A young Belfast woman with Type 1 diabetes has been awarded €2,260 after security staff at a music concert confiscated her fizzy drink.
Kayla Hanna, 20, had been walking into a Red Hot Chili Peppers concert in Belfast in August 2016 when the incident happened.
The student always carries Lucozade for her blood sugar levels, as she suffers from Type 1 diabetes, but Eventsec Ltd staff removed it, despite her showing them her diabetes tattoo and insulin pack. Miss Hanna said suffered from anxiety and upset during the Red Hot Chili Peppers concert.
She told the court “I stood away from the area near the stage where my friends were because I was afraid something would happen to me and I would not have the Lucozade. This had never happened me at other concerts I went to. I really hope that, now this issue has been brought to light, it won’t happen again to me or other people who live with diabetes.”
Miss Hanna took a case under the Disability Discrimination Act 1995 and The Equality Commission for Northern Ireland supported her.

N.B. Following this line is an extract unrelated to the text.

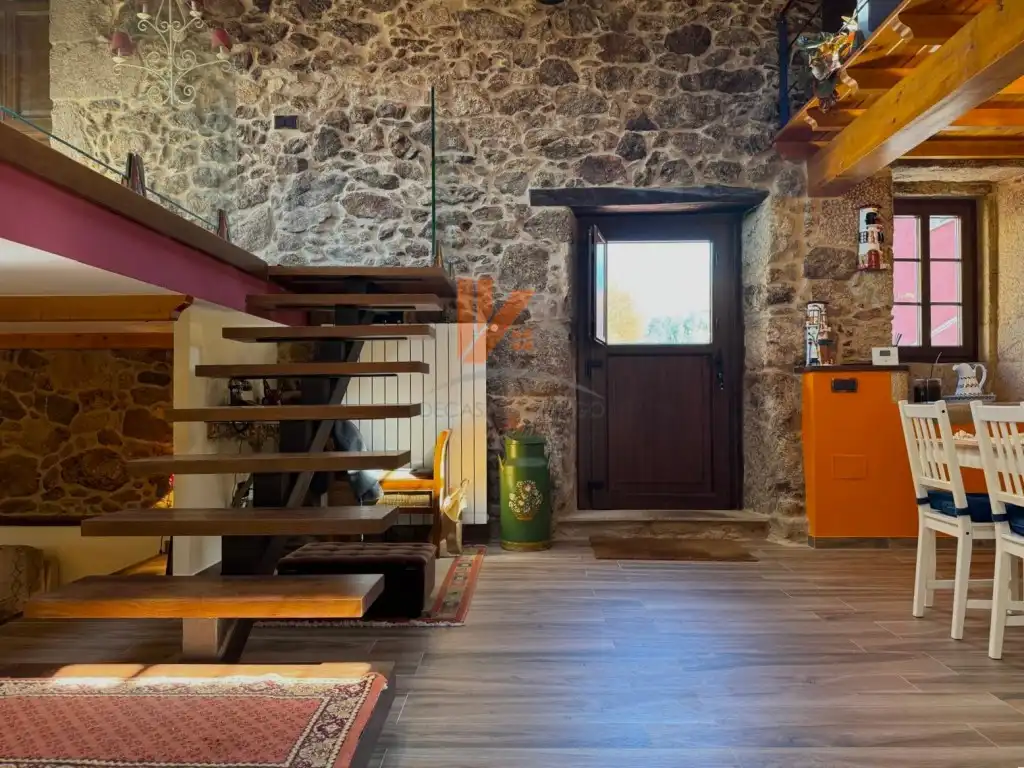 Casa o chalet en venta en A Estrada  con Jardín privado, Horno y Balcón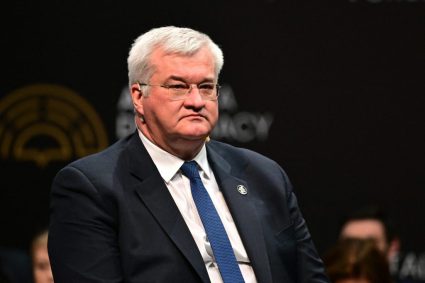 Sybiha discutie cu liderul NATO despre amenintarile in crestere din Belarus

The court made ruled that discrimination had occurred and Judge Gilpin stated that Eventsec did not give a reasonable adjustment to its policy of not allowing liquids to be brought into the concert.
Mary Kitson, senior legal officer for the Equality Commission for Northern Ireland, said the Act is there to ensure people with disabilities are not denied access to services under any circumstances.
She said “In this case, the company should have made arrangements to ensure that Kayla could have accessed Lucozade during the concert if needed; for example, by directing her to its own medical centre at the venue and providing her with a bottle of Lucozade. That would have been a simple adjustment and would have met her medical needs. The court has ruled that this was a breach of the law and awarded Kayla £2,000.”